We won't discuss the standard resource manager stuff, but we'll focus on the unique functionality of this resource manager.

  1. We're going to be using IOVs for our data-transfer operations, so we need to allocate an array of them. The number we need is the number of bytes that we'll be transferring plus 2—we need an extra one in case the initial block is short, and another one in case the final block is short. Consider the case were we're transferring two bytes on a block boundary. The nbytes / BLOCKSIZE calculation yields zero, but we need one more block for the first byte and one more block for the second byte. Again, we allocate the IOVs from a pool of IOVs because the maximum size of IOV allocation fits well within a pool environment. We have a malloc() fallback in case the size isn't within the capabilities of the pool.
  2. Since we could be at an arbitrary offset within the file when we're asked for bytes, we need to calculate where the first block is, and where in that first block our offset for transfers should be.
  3. The first block is special, because it may be shorter than the block size.
  4. We need to account for the bytes we just consumed, so that we can figure out how many remaining blocks we can transfer.
  5. All intermediate blocks (i.e. not the first and not the last) will be BLOCKSIZE bytes in length.
  6. The last block may or may not be BLOCKSIZE bytes in length, because it may be shorter.
  7. Notice how the IOVs are used with the MsgReplyv() to return the data from the client.

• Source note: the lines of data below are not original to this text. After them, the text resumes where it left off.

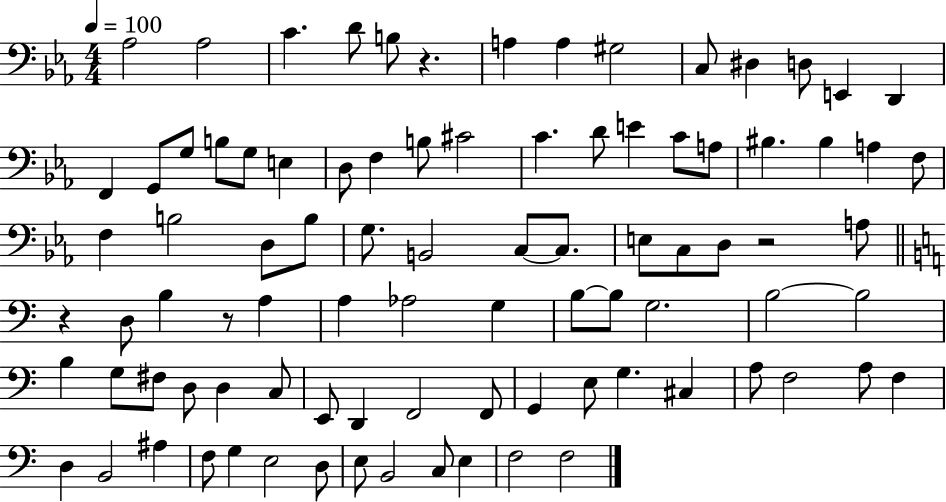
X:1
T:Untitled
M:4/4
L:1/4
K:Eb
_A,2 _A,2 C D/2 B,/2 z A, A, ^G,2 C,/2 ^D, D,/2 E,, D,, F,, G,,/2 G,/2 B,/2 G,/2 E, D,/2 F, B,/2 ^C2 C D/2 E C/2 A,/2 ^B, ^B, A, F,/2 F, B,2 D,/2 B,/2 G,/2 B,,2 C,/2 C,/2 E,/2 C,/2 D,/2 z2 A,/2 z D,/2 B, z/2 A, A, _A,2 G, B,/2 B,/2 G,2 B,2 B,2 B, G,/2 ^F,/2 D,/2 D, C,/2 E,,/2 D,, F,,2 F,,/2 G,, E,/2 G, ^C, A,/2 F,2 A,/2 F, D, B,,2 ^A, F,/2 G, E,2 D,/2 E,/2 B,,2 C,/2 E, F,2 F,2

The main trick was to make sure that there were no boundary or off-by-one conditions in the logic that determines which block to start at, how many bytes to transfer, and how to handle the final block. Once that was worked out, it was smooth sailing as far as implementation.

You could optimize this further by returning the IOVs directly from the extended attributes structure's fileblocks member, but beware of the first and last block—you might need to modify the values stored in the fileblocks member's IOVs (the address and length of the first block, and the length of the last block), do your MsgReplyv(), and then restore the values. A little messy perhaps, but a tad more efficient.